Over the past years, many NGO workers and independent researchers have criticised the securitisation of humanitarian aid, as seen in its geographical distribution, reflecting the political and military objectives of donor countries rather than the needs of the Afghan population.

The growing securitisation of aid and the focus on the military sector “has negatively affected the agenda pursued by the international community in Afghanistan,” Stanikzai told IPS.

A detailed report by the independent group Development Initiatives confirms his ideas: of the 286.4 billion dollars invested in Afghanistan from 2002 to 2009 in aid, security and military sectors, a total of 242.9 billion dollars, 84.6 percent, was allocated to military operations in the country.

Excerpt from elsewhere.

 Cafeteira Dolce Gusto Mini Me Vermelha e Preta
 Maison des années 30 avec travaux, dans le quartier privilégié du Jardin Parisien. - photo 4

Just 9.4 percent (26.7 billion dollars) was destined to development aid, and a modest 0.3 percent (0.8 billion dollars) went to multilateral peacekeeping (UNAMA, the United Nations Mission in Afghanistan and Eupol, the European Police Mission).

With the downsizing now of the foreign forces, the international community must open a new chapter in its strategy on Afghanistan, civil society organisation members say.

The European Network of NGOs in Afghanistan (ENNA) is trying to promote a common call to the European governments that starting from the beginning of the withdrawal, for each euro saved from the military budget 30 cents be re-allocated to cooperation projects meant to promote social and economic progress.

“We still need military support at a national level to fight terrorism and anti-government insurgents, but we mostly need to address the main, structural roots of the conflict that are linked to the lack of economic opportunity for the people,” Daoud Saba, Governor of Herat province told IPS.

“And we also need to improve our institutional mechanisms to answer citizens’ claims and needs. This means that for the Afghan government it would be better to directly control much of the funds.”

So far, allocation of funds has mostly been decided by international donors, with a low involvement of local partners and interlocutors. “The Government of the Islamic Republic of Afghanistan estimates that 77 percent of aid channeled to the country up to mid-2009 was directed bilaterally to projects, with little or no involvement from the government itself,” writes Lydia Poole, author of the Development Initiatives report.

Many Afghans continue to blame the international community for acting unilaterally. “It is time to give the Afghan government and society their sovereignty back, we have to prove our capabilities,” Abdul Qader Rahimi who heads the Herat branch of the Afghan Independent Human Rights Commission told IPS.

The call for foreign assistance to be routed through Afghan government entities rather than international organisations is a long-standing one, but donors are still reluctant to accept this demand due to corruption and a lack of transparency and accountability. Last year Transparency International ranked Afghanistan the third most corrupt country in the world.

“We too are really concerned that the Afghan government is too weak, corrupt and ineffective to use aid in a proper way,” Haziza Khairandish, West region Coordinator for the Civil Society and Human Rights Organisation told IPS. “There’s the real, concrete possibility that we will lose a great opportunity once again.”

But corruption is not a one-sided issue, civil society activists say. “Corruption is spread over the Afghan institutions, this is clear, but it is also common among the so-called international community,” Ahmad Kharimi, acting director of the High Office of Oversight and Anticorruption (HOOAC) in the West region of the country told IPS.

“The amount of money spent through Afghan channels is marginal compared to that passed through international organisations or directly disbursed by donors, and the latter is much more difficult to trace, check and monitor. We really are used to finding a lot of problems when we try to call donors to accountability: it is six months, for example, that we have been trying to get an appointment with the Italians to discuss some controversial issues. Until now we have not received any answers.”